When I was older and I visited her she would have the meatloaf that I loved frozen in the freezer waiting for me whenever I came to visit.
Before I forget- One day Mark insisted on eating a cookie just before lunch. I told him “no’. Then Patty tried to explain to him that sweets would give him “cavities” I then asked him if he wanted soup, baloney or waffles. He replied “I want cavities”. Louise Wilson’s Diary November 7th, 1974
She would also whip out a chair and grab some scissors and insist she cut my hair.
Mark had his first haircut. They were long in back with some snarlies- off they came. Now our boy looks like a boy. (he now weighs 81/2 lbs) Louise Wilson’s Diary March 28th, 1971
On a trip back from Ohio one year I called her on mother’s day just to tell her I didn’t have time to talk to her that day. Then I rang the doorbell a few minutes later.
Whenever I called her she was never sure I was down the street or across the country.
She wasn’t Catholic but she did help install in me a reverence for God and other people. I saw her prepare her communion for her Methodist church service and saw her reading her Upper Room Meditation on a regular basis. She, combined with my father, helped instill in me a religious faith that was real and grounded in loving God by serving others.
She always put up with my many interesting and quirky friends that I brought by the house. She always put up with me and was constantly amazed by me.
Today is a fabulous day- Mark asked to go to the potty & did #2. I almost dropped from shock. He is now “trained” and I didn’t think the day would ever arrive. He is no anxious to make his mother “proud & happy”. I now have to go out and by two pair of zipper pants and a “zoom shirt” (stupid). Everyone kept telling me this day would arrive but I didn’t believe them.
Louise Wilson’s Diary June 20th, 1974 2 mounts before Kristin was Born.
My mom has been gone from this earth since October 2016 and at times I still miss her.

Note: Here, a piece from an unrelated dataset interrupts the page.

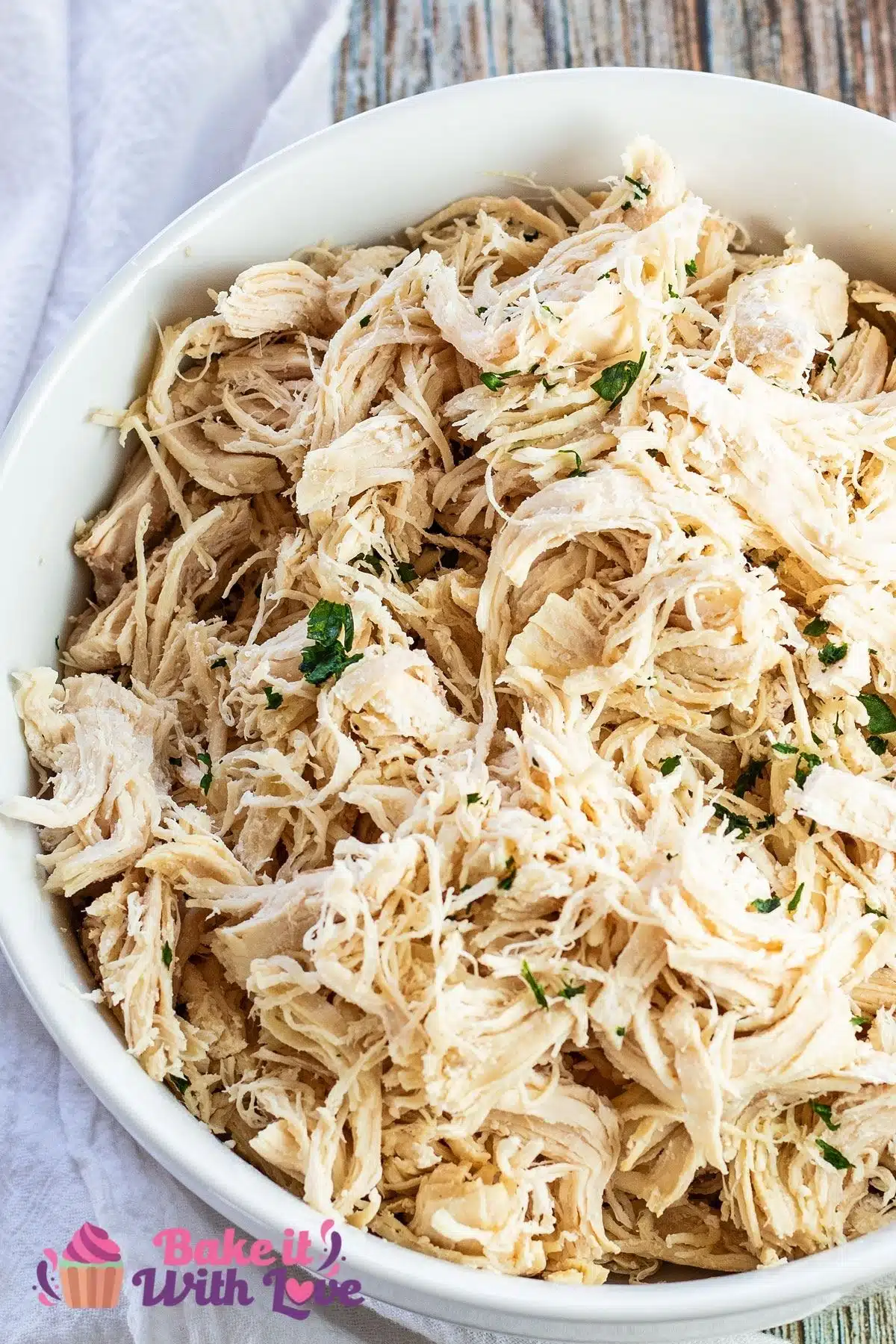 Tall overhead image of the best Instant Pot shredded chicken ready for making tasty dinners.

But I have other moms in my life to help support, encourage and discipline me. Mother’s do all these things.
My mother in-law Kathy Nealon looks out for me and my wife. I don’t give her enough appreciation and I want to take this Mother’s Day to say I love you and thank you for treating me like a son. I appreciate and am amazed still you remember everyone who came to our wedding and when everybody’s birthday is. Thanks for being kind enough to give me my wonderful wife who acts like a mother to our daughter, never giving up on her despite the fact that she gave up on us. My own daughter is a mother as well, but we have yet to see the baby, cause she’s not talking to us.
Back to Kathy. Here is a quick little quip of a story the illustrates her in full mother mode.

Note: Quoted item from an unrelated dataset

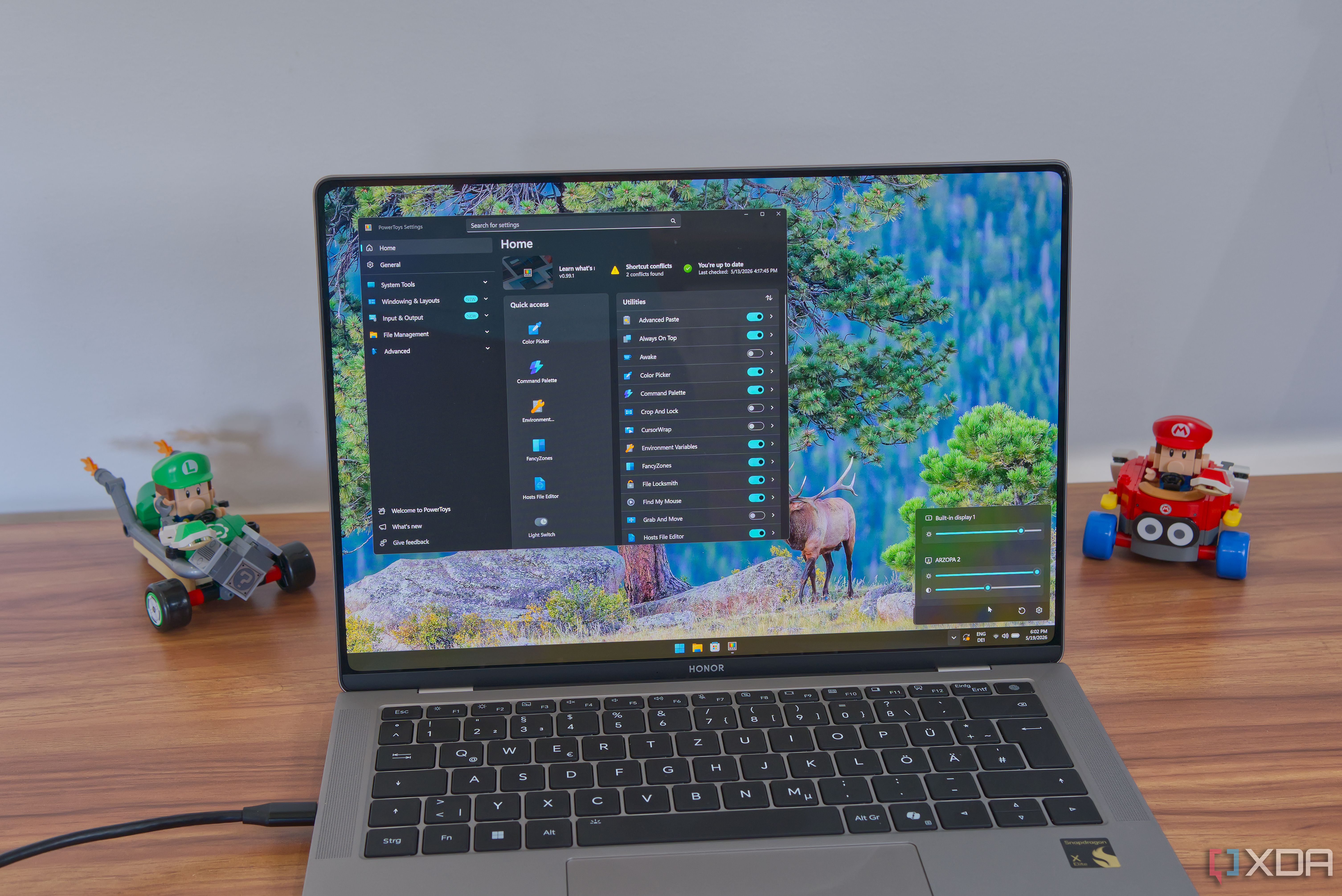A laptop running PowerToys and showing display controls enabled by Power Display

Now I’m telling this first part of the story, so I can tell the second part that comes afterwards.
There was one time when visiting our house my Mother and Father-in-Law were somewhat displeased that our house wasn’t as exactly clean as it should be. She comes out of the bathroom and says
My wife gave the obvious answer. “A Towel. ” It had the word Harry on it. Harry was my dad.

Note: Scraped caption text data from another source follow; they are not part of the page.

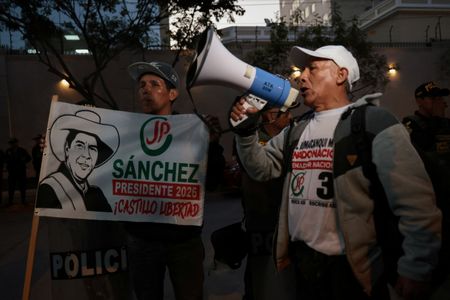 Supporters of left-wing presidential candidate Sanchez gather outside the National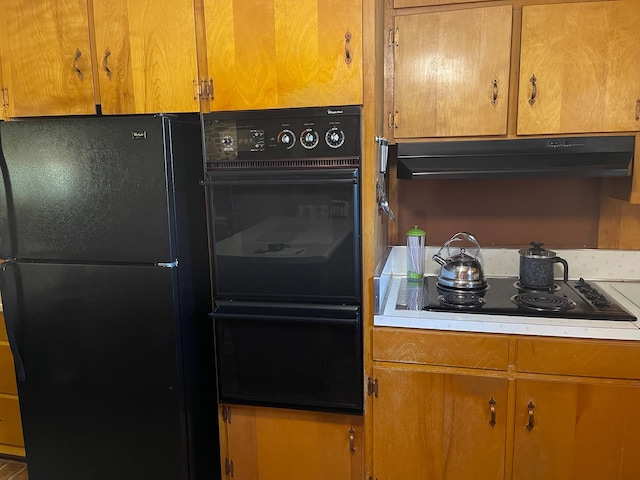 kitchen with black appliances, brown cabinetry, light countertops, and under cabinet range hood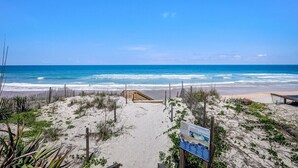 A beach with a wooden walkway leading to the water, surrounded by sand and sparse vegetation. - Florida Breeze |Pool & Jacuzzi| 2-min walk to BCH (St. Augustine)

She said something like “It’s Dirty”. My wife asked if she wanted a new one and she said “No I’ll let my hands Drip Dry”.
My mother got mad at me once when she was trying to explain to me how to fold pants and I didn’t take her seriously. I mean she got really mad. Sometimes you can’t fool mothers.
Mark will soon be 8 and hasn’t changed drastically. He is “allergic” to work. He was told if he wet his bed because he wouldn’t get up, that there would no Sat TV programs. When I came down at 7:30 AM he told me he was going to keep his pajamas as on all day. Knowing he was “fooling me” I wasn’t surprised to see him all dressed, wrapped in his blanket, laying on a made bed. I asked if the bed was wet & he replied “ don’t think so”. When I uncovered the bed- it was. I then got mad because he lied to me. He said he thought it would be dry by the time I looked & he was “afraid”. I pointed out that it was the lie I was mad at and TV was off. We sat through a silent breakfast & he didn’t cry or complain as I got the wheels rolling to see how I could get out of that one. I sat him down & we discussed what a lie was (he knew) & I told him if he would clean the pile of leaves up in the backyard by himself he could come in & watch TV. He stated off on his big job. First he scattered the leaves all he could so there would be less to carry away. Then I brought a rake. Then he got a big barrel which he filled so he wouldn’t’ have to make more then one trip. He finally found out he couldn’t’ carry it- there upon I emptied it out & he continued with the smaller barrel. He tried dumping the leaves out the back gate as it was closer- but I saw him & squashed that venture. Back he went to the grind of work. He kept calling to see if that “ was all”, but I hung in until it was all done I hope he has learned something today- Louise Wilson’s Diary-Nov 11th, 1978
My friend Marshall’s mother, Merilyn Myers, whom I lived with her and Marshall for a while, when I was chit chatting with Marshall one night came in the room and said “Shouldn’t you go to sleep”?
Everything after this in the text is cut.